The supervisor position is, by a mile, the most difficult job in the call center industry. The supervisor is the person that is most responsible for driving performance on their team, constantly pushing, coaching, and motivating. A good supervisor has sore feet at the end of every day. Having a good supervisor is everything. Having a bad supervisor can be disastrous. If a supervisor isn’t motivating they are probably bringing the team down. This position is also the most difficult to evaluate if you are not physically in the call center to see the supervisor in action. Most interaction that a client has with a call center is going to be through an account manager and there could be some QA interaction in monitoring sessions as well, but probably less with the front line supervisor. It’s because of this that when you get to visit a call center in person that spending time with the front line supervisor is very important, and you will quickly get a sense of if the team is responding to that supervisor, if they are motivating, if they are focusing on the most important areas that need to be focused on, etc.
The next major question when it comes to a call center supervisor is looking at the kind of support that they are being given. A common mistake that I see call centers make is that they have an incredible supervisor and they fail to provide that person with any support. They have their supervisor and a team of 20 agents and they are on an island all by themselves. Like I mentioned before, the supervisor position is the most difficult position in the call center industry, and is it being made even more difficult because of a lack of support. Is there Quality Assurance staff that is also coaching the team so it’s not all on the supervisor? If the program is dynamic and has a lot of moving parts, is there a Program Manager or some other position that is managing the dial strategy effectively, or is that on the supervisors plate as well? Does the supervisor have more agents than can reasonably be expected to manage by themselves? There are no blanket right or wrong answers to these questions. The call center industry is so dynamic. What works for one call center campaign isn’t necessarily going to make sense for the next one. A supervisor for one program can handle 20 agents, another possibly 7, it depends on the program. But when evaluating a call center it is good to understand the answers to these questions. Understanding that the supervisor position is a critical role, it’s important that the right person is in that position, and that the right person is receiving the proper support to be successful.

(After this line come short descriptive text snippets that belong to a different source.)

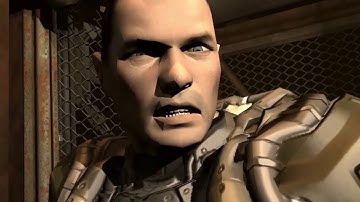 Quad Damage - Doom 3 (cover)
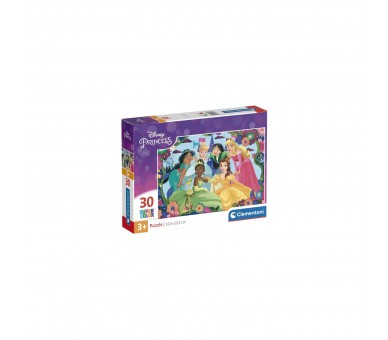 Puzzle Princesas Disney 30Pzs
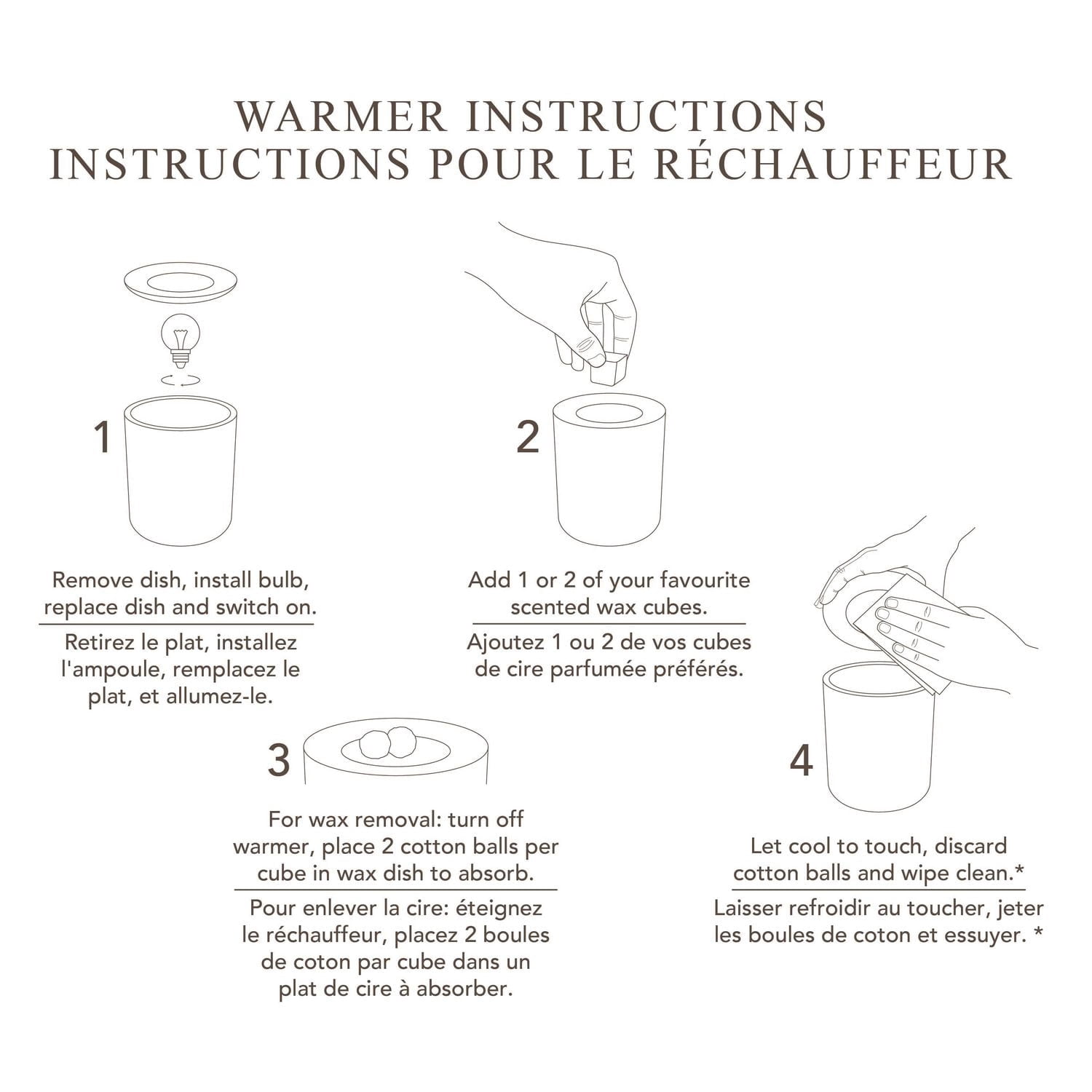 Réchauffeur Premium ScentSationals - Deer Night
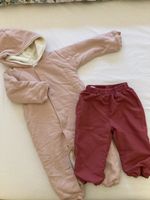 Onesie polaire + pantalon hiver t. 68-74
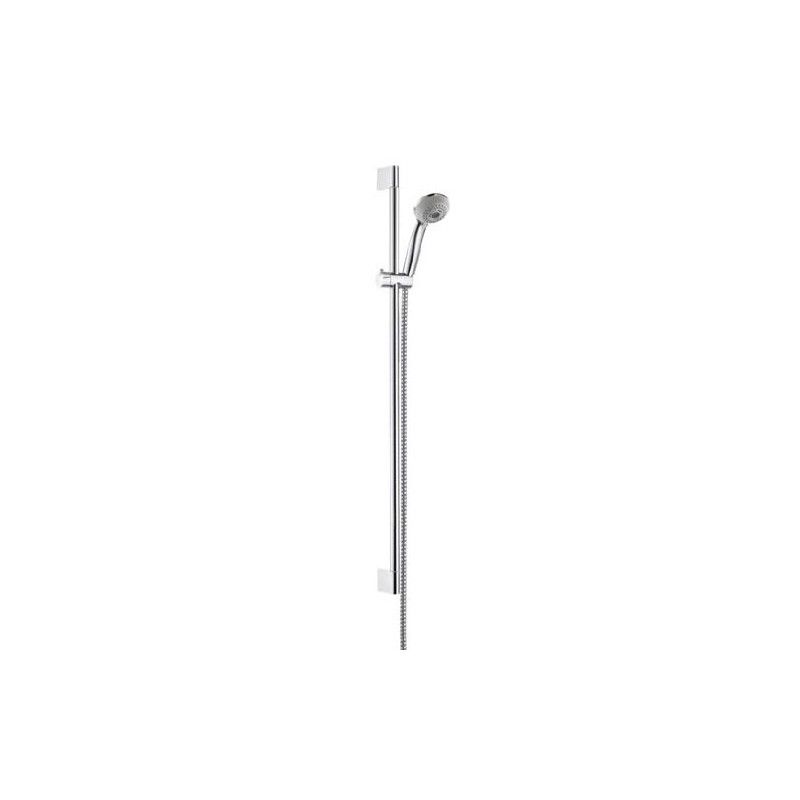 CROMETTA 85 Multi Duschset mit Duschstange 90 cm  CROMO  Hansgrohe 27766000 HANSGROHE - 1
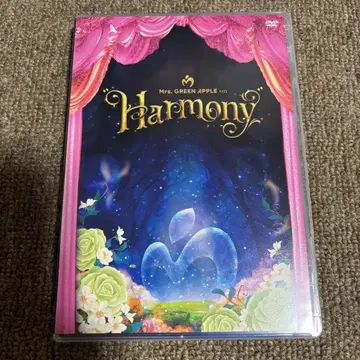 미세스 그린 애플 하모니 Harmony 미세스 DVD disc2만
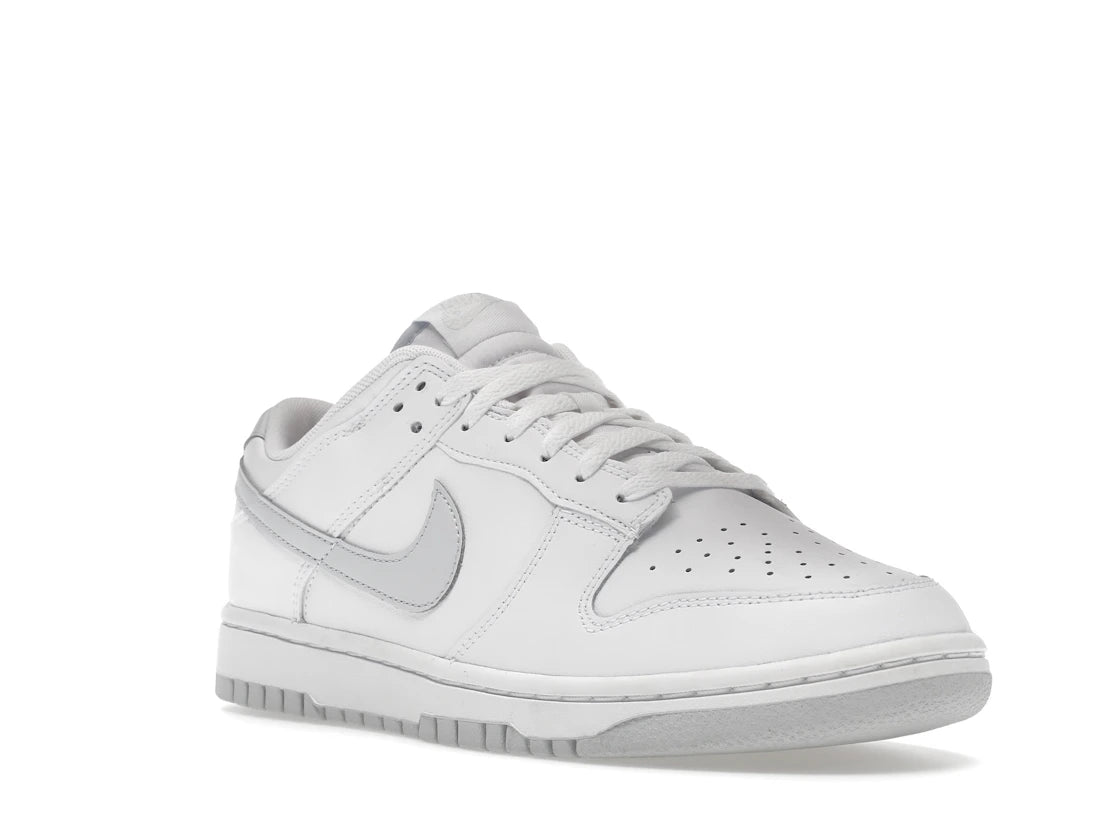 Nike Dunk Low Retro White Pure Platinum - vue secondaire A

Different companies take different approaches to how they handle quality monitoring. I have worked with a number of organizations that have an actual quality department, with a department head and staff that is completely separate from the operations staff. There are certainly pros to this kind of structure. If an organization has created a structure such as this, they obviously hold quality in high regards, and keeping this kind of department separated from operations does ensure an unbiased approach in regards to quality. Let’s face it, operations people can have absolute highest regard for quality, but results are top priority. That doesn't mean that quality is being sacrificed in order to achieve results, but campaign results are the first thing that an operations team is responsible for. If asked, most operations people probably would categorically deny that, but those same people are reading this article and nodding their heads in agreement. Again, it doesn't mean operations managers are sacrificing quality one bit, but the results are the first thing on their mind, and quality comes directly after. When you have a QA department that is separate from operations, quality is the absolute number one priority, and there is some value in that.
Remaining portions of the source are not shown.